In den Fällen, in denen der Steuerpflichtige in der Vergangenheit eine unvollständige Selbstanzeige für einen strafrechtlich noch nicht verjährten Zeitraum abgegeben hat, bewirkt die Änderung der Rechtsprechung, dass die ursprünglich gewährte Straffreiheit rückwirkend entfällt, wenn die Finanzverwaltung den Fall wieder aufgreift. Die Auswirkungen des Urteils sind auf alle noch nicht verjährten Sachverhalte und damit alle noch offenen Selbstanzeigen anwendbar.
– Eine strafbefreiende Selbstanzeige kann nicht mehr erstattet werden, wenn ein Sperrtatbestand eingetreten ist.

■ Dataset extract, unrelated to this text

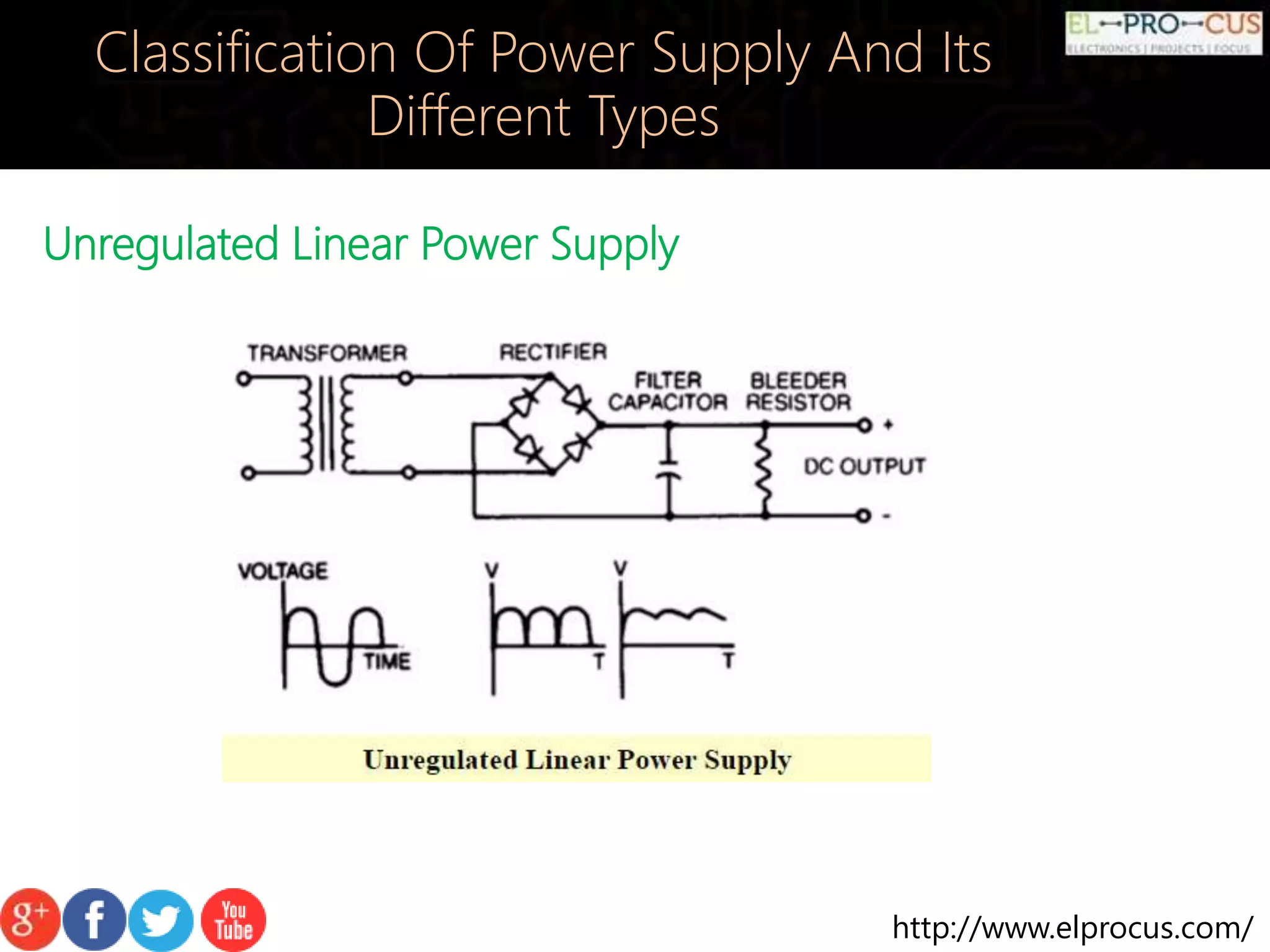http://www.elprocus.com/
Unregulated Linear Power Supply
Classification Of Power Supply And Its
Different Types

Ein solcher ist z.B. das Erscheinen eines Amtsträgers zur steuerlichen Prüfung. Der Bundesgerichtshof stellt nun fest, dass sich dieser Sperrtatbestand nicht nur auf Taten erstreckt, die vom Ermittlungswillen des Amtsträgers getragen sind, sondern auch auf solche Taten, die mit dem bisherigen Ermittlungsgegenstand in sachlichem Zusammenhang stehen. Insoweit ist es gefährlich, wenn sich im Rahmen der Prüfung herausstellt, dass aus derselben Einkunftsquelle auch in anderen Jahren nicht angegebene Einkünfte vereinnahmt wurden.
– Nach den Ausführungen des Bundesgerichtshofs führt eine sog. „Selbstanzeige in Stufen“ nicht zur Straffreiheit. Von einer solchen wird gesprochen, wenn in einem ersten Schritt lediglich die bisher nicht angegebenen Einkunftsquellen angegeben werden und die Höhe der nicht erklärten Einkünfte erst später nachgereicht wird.
Hinweis: Zwingend muss bei der Selbstanzeige auch die Höhe der hinterzogenen Einkünfte genannt werden. Notfalls muss eine (großzügig bemessene) Schätzung vorgenommen werden, welche ggf. später wieder korrigiert werden kann. Des Weiteren ist darauf hinzuweisen, dass auch von Seiten der Bundesregierung Bestrebungen bestehen, das steuerliche Instrument der Selbstanzeige einzuschränken. Insoweit muss die weitere Entwicklung beobachtet werden.